Number six of the 2023 finalists is a group from Harvard College, who utilized the “Perlmutter” mixture computer processor GPU framework at Lawerence Berkeley Public Research center to reproduce the nuclear design of a HIV infection capsid up to 44 million molecules and a few nanoseconds of reproduction. Strong scaling was pushed to 100 million atoms by them.

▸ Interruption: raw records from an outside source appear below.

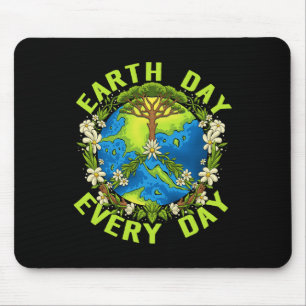 Earth Day Every Day Gifts For Women Girls Boys 1 Mouse Pad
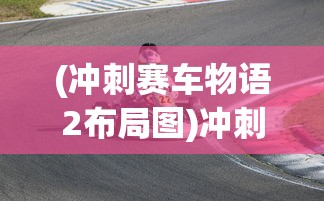 (冲刺赛车物语2布局图)冲刺赛车物语2游戏布局策略深度解析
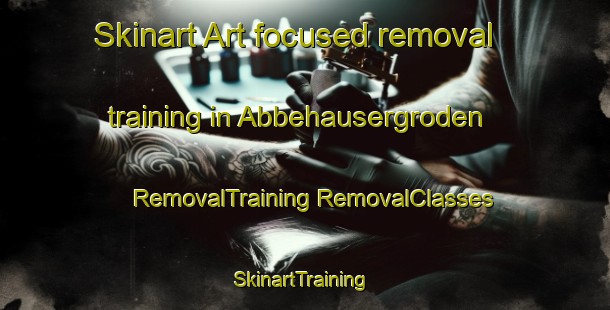 Skinart Art-focused removal training in Abbehausergroden | #RemovalTraining #RemovalClasses #SkinartTraining-Germany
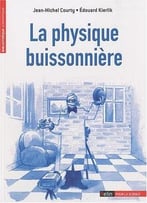 Jean-Michel Courty, Edouard Kierlik, La Physique Buissonnière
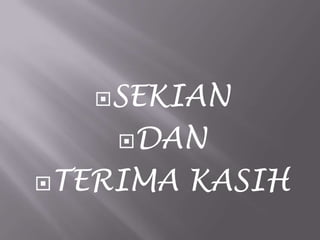 SEKIAN
DAN
TERIMA

KASIH

 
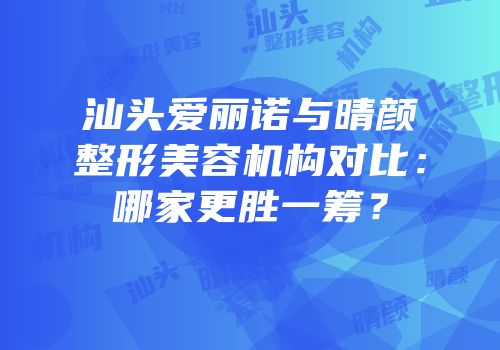 汕头爱丽诺与晴颜整形美容机构对比：哪家更胜一筹？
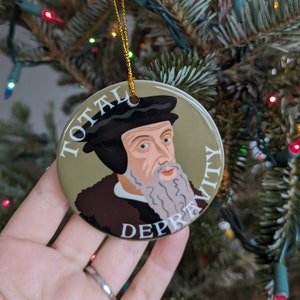 John Calvin Christmas Ornament | Reformation Christmas | Reformed Gift | Reformers Christmas | 1517 Christmas | Theology Nerd Gift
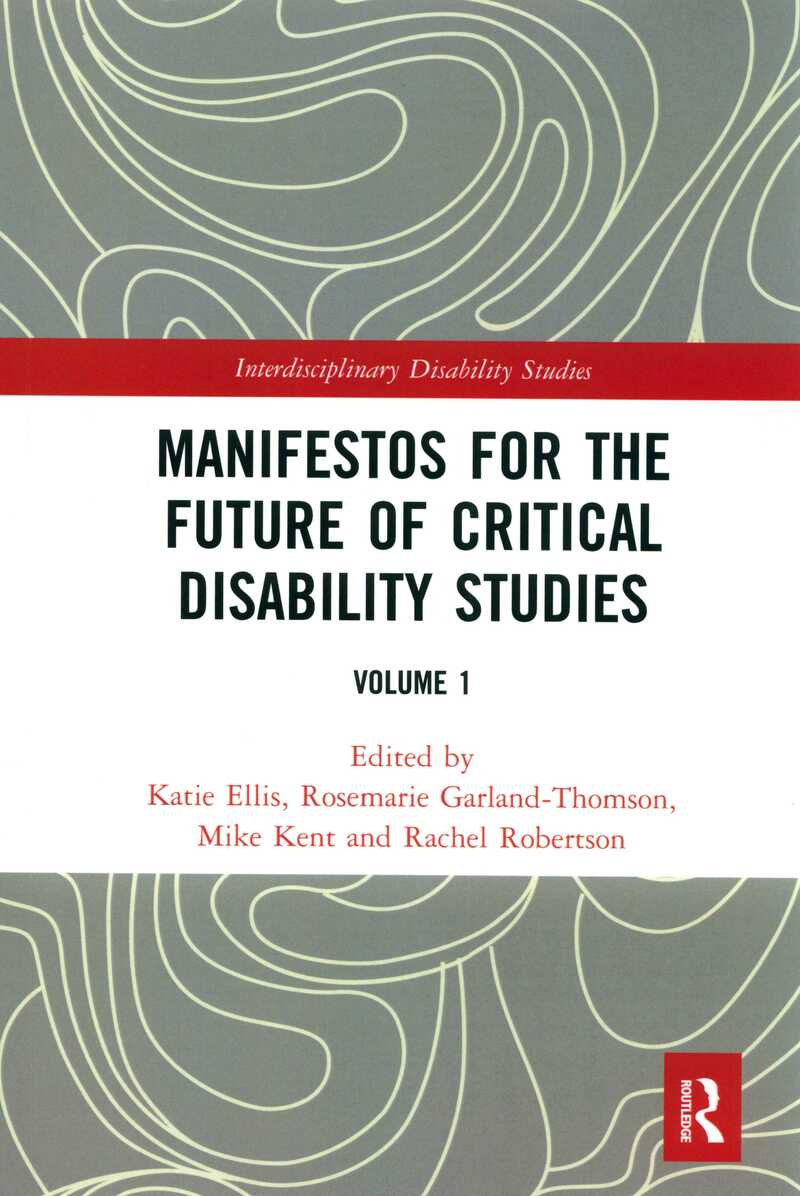 Manifestos for the Future of Critical Disability Studies: Volume 1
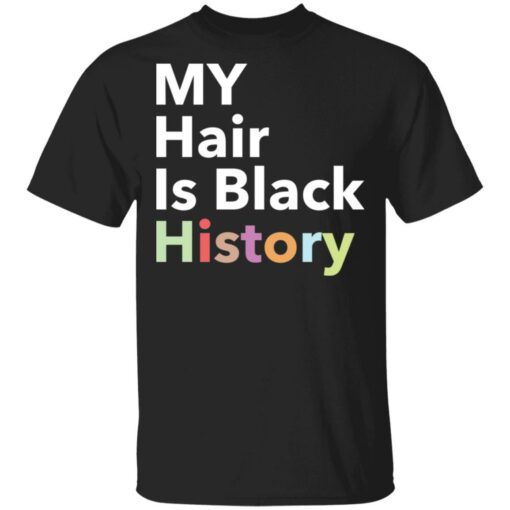 My hair is black history shirt $19.95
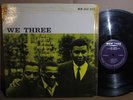 Roy Haynes Phineas Newborn Paul Chambers We Three NEW JAZZ RVG MONO DEEP GROOVE
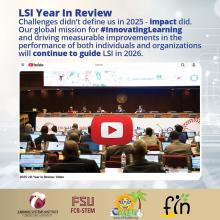 Graphic featuring a YouTube video screenshot, text on LSI's 2025 accomplishments and logos for LSI, FCR-STEM, CPALMS and FIN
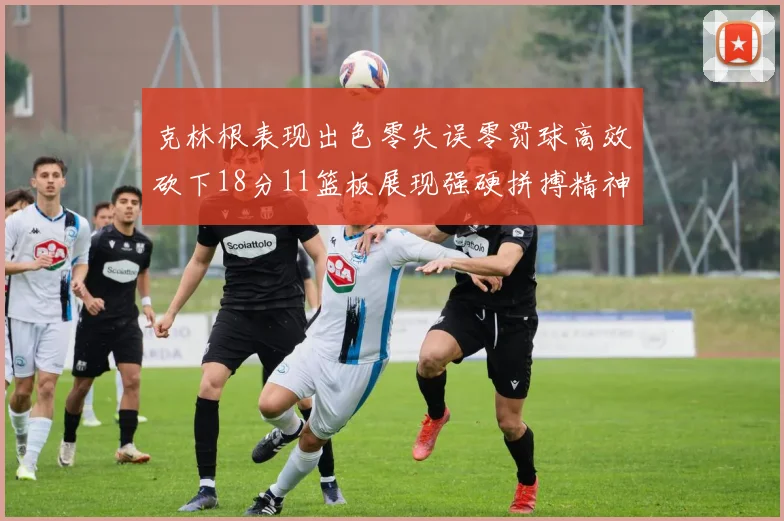 克林根表现出色零失误零罚球高效砍下18分11篮板展现强硬拼搏精神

This year, the ACM is likewise introducing its most memorable Gordon Ringer Prize for Environment displaying, and as we said we trusted would happen when in April of this current year we covered the Shout variation of the Energy Exascale Earth Framework Model, otherwise called E3SM, created and reached out by Sandia Public Labs, this drawn out goal weather conditions model is up for an award. Shout is fascinating is that is begun without any preparation for parts of the code, utilizing C++ and the Kokkos library to distribute out to central processors and GPUs in frameworks, and for this situation it was run on the Boondocks machine at Oak Edge, recreating 1.26 years of the day for a functional cloud-settling reproduction.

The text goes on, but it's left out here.